Calling on U.S. courts to adopt Canada's unified approach to statutory interpretation.

Date22 March 2014
AuthorPichhadze, Amir
  1. INTRODUCTION

    In the United States, courts have been divided between the new-textualist and purposive approaches to statutory interpretation, although currently the new-textualist approach appears to dominate. (1) This paper encourages courts using either approach to consider adopting the "unified textual, contextual and purposive approach to statutory interpretation" (2) (also referred to as the "words-in-total-contexts approach" (3)), as it has been developed by the Supreme Court of Canada in recent years.

  2. STATUTORY INTERPRETATION IN THE UNITED STATES: NEW TEXTUALIST AND PURPOSIVE APPROACHES

    The common objective of all approaches to statutory interpretation is "to ascertain and effectuate the legislative intent wherever possible." (4) This common objective is typically referred to as a cardinal rule of interpretation. The approaches differ, however, in their conception of the legislative intent as well as in their method of ascertaining that intent. And the various ways in which to interpret statutes all fit within the broad categories of either the textualist or the purposive approach. (5)

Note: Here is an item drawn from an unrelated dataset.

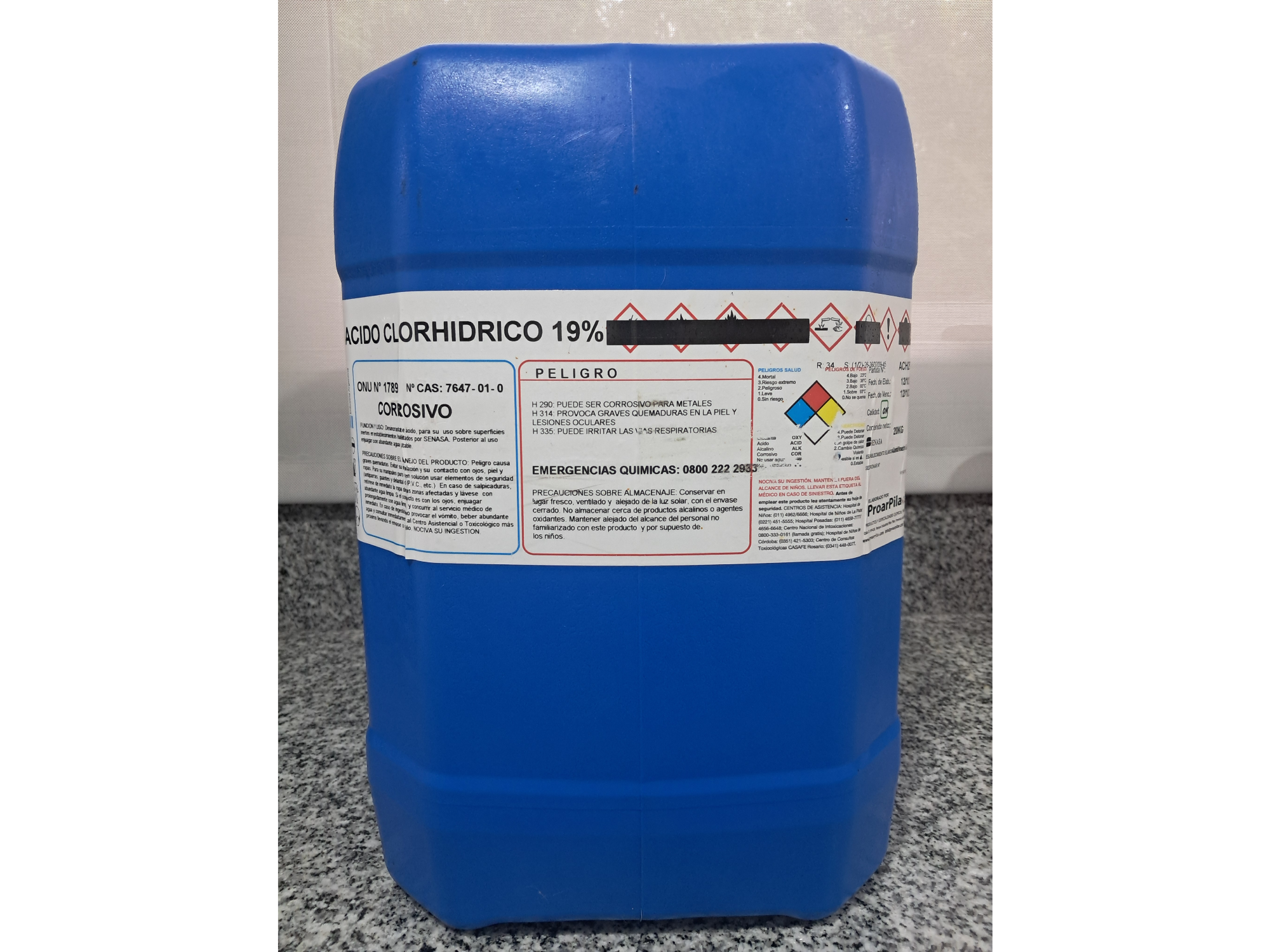 Ácido Muriático (Clorhidrico al 19%) x 20 L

    The legal systems of the past were usually dominated by a "word-oriented (i.e. objective) approach" to interpretation. (6) This objective approach, which is broadly referred to in the United States as textualism, is based on the plain-meaning rule. Textualism has evolved over time from the traditional approach (commonly referred to as old textualism), which relies on a soft plain-meaning rule, to the more recent new textualism, which relies on a hard plain-meaning rule. (7)

    According to the traditional textualist approach, the goal of statutory interpretation was to identify and give effect to the intent and purpose of the enacting Congress based on the plain meaning of the statutory text, derived by using the aid of dictionaries and generally accepted conceptions of ordinary parlance. (8) Yet, the courts using this approach would also consult the legislative history (9) in order to check for evidence of congressional intention inconsistent with the intention conveyed by the plain meaning of the words. (10) If such inconsistency is found, then under this traditional approach, "the plainest meaning can be trumped by contradictory legislative history." (11) This result, which led to characterizations of the old textualists' reliance on the statute's plain meaning as soft, was exemplified by cases such as INS v. Cardoza-Fonseca (12) and TV A v. Hill. (13)

    By the 1980s, the traditional textualist approach attracted significant criticism, (14) which influenced some members of the United States Supreme Court--notably Justice Scalia--to increasingly replace the old textualism with a new approach. This new textualism "favors understanding the text the way a reasonable reader would have read it at the time it was enacted," and its adherents' goal "is not to discover ... what the legislature wanted, but rather what it said." (15) Indeed, if asked how a court--presumed to embody the reasonable person (16)--should ascertain the intention conveyed by the plain meaning of a statute, the new textualists' reply is that judges "must study the language of the text as a whole, and if the statute is plain, they should give it its plain meaning"; that "[t]hey may also consult dictionaries and linguistic aids to equip themselves with information about how readers understood the statute at the time of its enactment"; and that "[t]hey may consult interpretive maxims in effect at the time of enactment." (17) New textualists believe in addition that "a text cannot be understood out of context," and "permit interpreters to consult other statutes passed by the legislature, in order to draw inferences from the legislature's use of similar language." (18) They do not, however, "allow interpreters to consult legislative history or the system's fundamental values as they existed at the time of interpretation." (19) Thus, "[e]ven when the plain language leads to absurdity, or when the language is unclear, interpreters may not consult legislative history or fundamental values," and "have no choice but to say that the issue lies beyond the reach of the statute" (20) if they are acting in accordance with new-textualist principles.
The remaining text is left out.